North Korean Leader Kim Jong-Il greeted Chinese Premier Wen Jiabao in Pyongyang on Sunday, China's official Xinhua news agency said, amid signs the reclusive state may return to nuclear disarmament talks.
Wen was accompanied by Foreign Minister Yang Jiechi and China's envoy to the stalled talks, Wu Dawei, Xinhua said.
China has framed the rare three-day visit as a "goodwill" trip to a longtime communist ally, but it comes amid indications of a possible resumption of the talks which group the two Koreas, the United States, Russia, Japan and China.
South Korea's Yonhap news agency reported earlier that the North Korean leader, who has hinted he may be willing to come back to the nuclear negotiation table, may make an "important announcement" during Wen's visit.
The agency, quoting diplomatic sources in Beijing, said Kim was expected to state his willingness to give up nuclear weapons and suggest a way forward.
Yonhap has said Wen and Kim were to hold talks on Monday.
Pyongyang quit the talks in protest at United Nations censure of its long-range rocket launch on April 5.
The reclusive country staged a second atomic weapons test in May, bringing stronger United Nations sanctions backed even by China, its closest ally.
But since August, Pyongyang has made conciliatory gestures to both Washington and Seoul.
It freed two detained US reporters, released five South Koreans, eased border curbs for visitors from the South and dropped demands for huge pay rises at a Seoul-funded industrial estate.
And last month Kim appeared to leave the door open for a return to negotiations, telling a visiting Chinese envoy that his country was willing to engage in some form of talks.
During a recent five-nation Asian trip, US Deputy Secretary of State James Steinberg welcomed Wen's visit as a positive sign and urged North Korea to seize a "tremendous opportunity" to return to the negotiating table.
Despite the improving diplomatic climate, the North said last month it must keep its nuclear deterrent in the face of what it termed US nuclear threats.

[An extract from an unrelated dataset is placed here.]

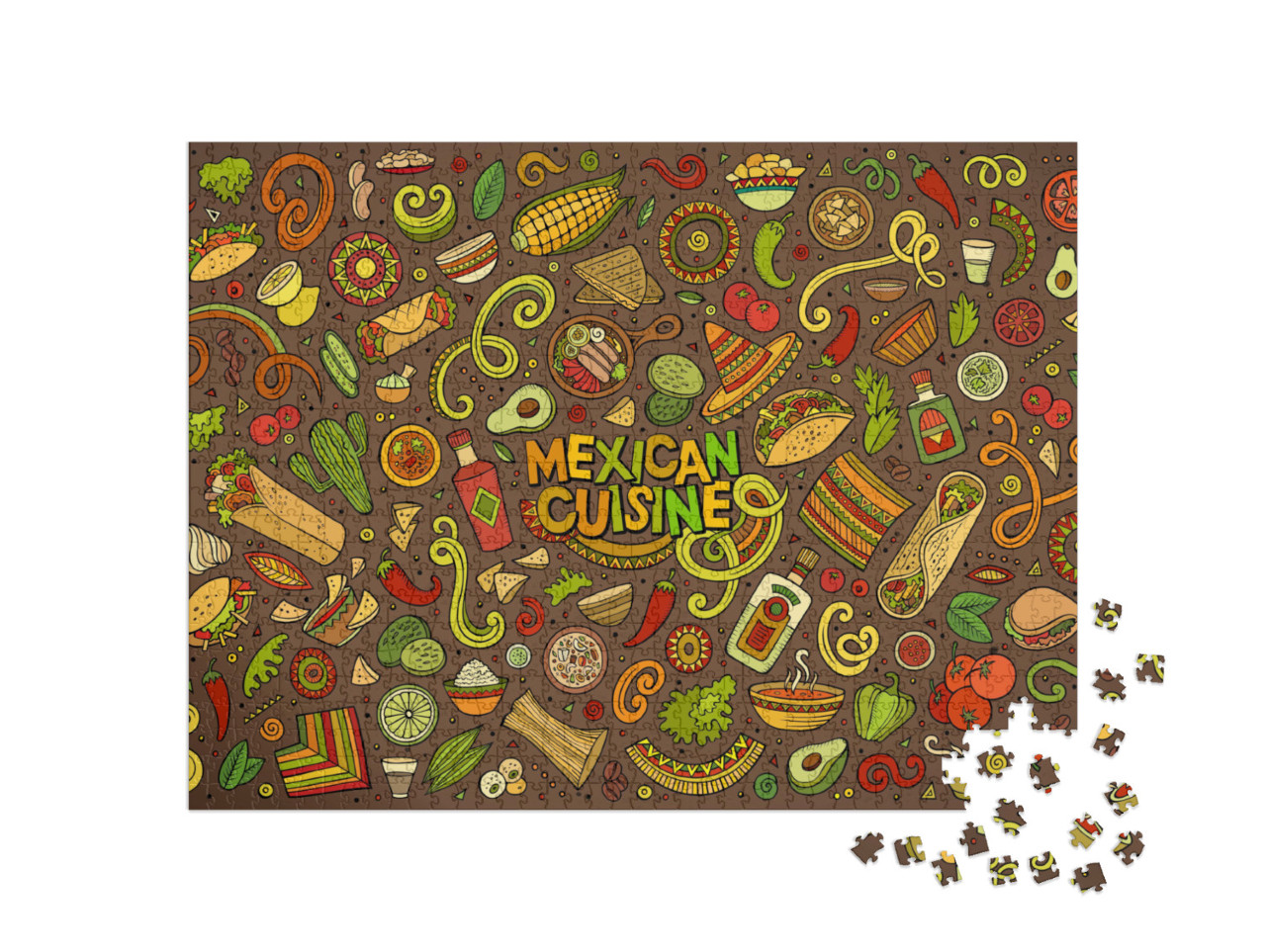 Puzzle de 1000 pièces « Mélange coloré de symboles typiquement mexicains »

"Giving up nuclear weapons cannot be considered even in a dream as long as the fundamental reasons which have forced us to possess nuclear weapons exist," a government spokesman told the North's official Korean Central News Agency.
Yonhap also reported that Washington is expected to announce a trip to Pyongyang by Stephen Bosworth, the US envoy on North Korean disarmament, after Wen's visit.
Bosworth said in early September that Washington was ready for bilateral talks with Pyongyang, but only as part of the wider six-party talks.
Beijing remains Pyongyang's sole major ally and leading trade partner and energy supplier, but opposes its neighbour's nuclear ambitions.